Let me tell you a bit about him:
He was Anglo-Irish (guilty as a solid 30-40% of me is charged). Published some 90 volumes. Most folks know his 1924 fantasy novel The King of Elfland’s Daughter. Most folks point to him as the earliest fantasy writer because of that book. Right up there with Frankenstein. (Check out my talk with the Science Fiction Fantasy Alliance here and the address book for 251 Fantasy Literary Agents)
I like him, obviously, because he was born near Tara — the hill of the kings in Ireland and the namesake of my bonnie lass — in a castle named Dunsany (thus the name). Champion in chess. Champion in pistols, of which Chesterton would have been proud, though it seldom impresses this pacifist. But he did devise Dunsany’s chess:

Why yes, yes Dunsany’s chess is madness. That’s why he was over the chess puzzles at the London Times for awhile. What’s most notable about this variant is that it uses no fairy pieces — none from a keystone fairy tale writer.
Folks called him Eddie. Kin to Catholic Saint Oliver Plunkett, martyred Archbishop of Armagh, the unionist Sir Horace Plunkett, and the Papal Court politician George Count Plunkett whom they sentenced to death for the 1916 uprising.
Dude was 6’4″ tall. Second Lieutenant in the Coldstream Guards (Second Boer War). He heard about the Easter Rising of 1916, rushed into help, got a bullet to the skull and survived. Got patched up and returned to duty.
During the Irish War of Independence, Dunsany was charged with violating the Restoration of Order in Ireland Regulations, tried by court-martial on 4 February 1921, convicted, and sentenced to pay a fine of 25 pounds or serve three months in prison without labour.
— wiki
He was buddies with Yeats and Lady Gregory, French and Russel, Gogarty and Colum, Ledwidge and Lavin. And thus central to the Irish literary revival.

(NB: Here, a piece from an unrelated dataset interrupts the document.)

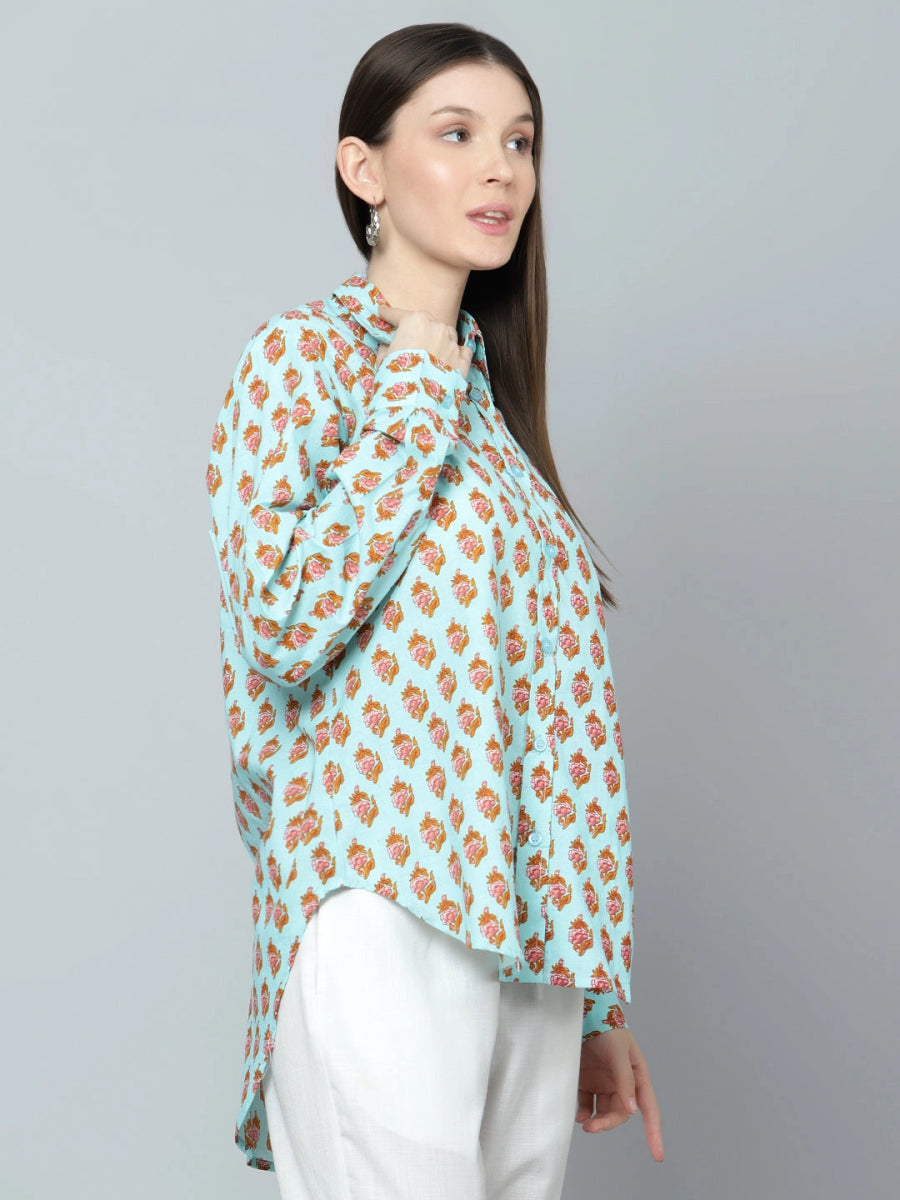 ARYA COTTON HAND BLOCK WOMEN SHIRT - Pomcha Jaipur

Taught in Greece as the Byron Professor, toured the States (including California), and died of the now rather curable Appendicitis at 79 in 1957. It’s rather wild to think that had that not happened and he lived until 92 — entirely possible — he would have lived to see Woodstock (or at least the era of British pirate radio).

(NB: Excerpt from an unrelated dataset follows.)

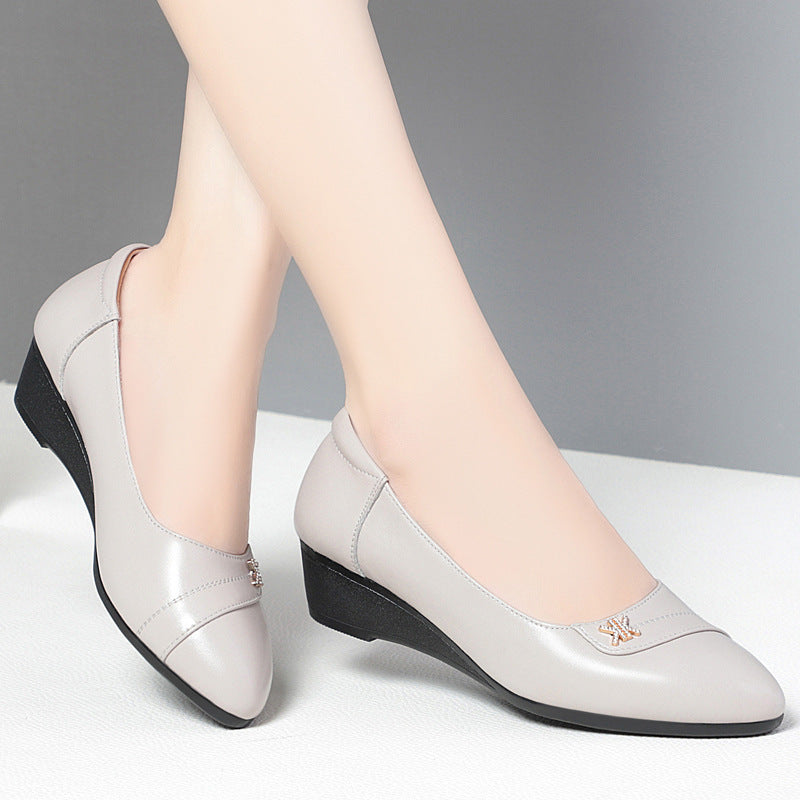 Damen elegante Wedge-Pumps mit modischem Riemchen und bequemem Fußbett R&B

Horseman, hunter, big game hunter in Africa, and campaigned for animal rights in the RSPCA (the equivalent of the ASPCA here, the tomb of the founder is just blocks from my house here in Greenwood — and yes, I refuse to use the hyphen). He also wrote plays and his work was adapted for stage, radio, television, cinema, music, audiobook, and video games.
Anyways.
The point is we should all find a byline that looks at us as lovingly as Baron Edward John Moreton Draw Plunkett Lord Dunsany’s byl looks at him.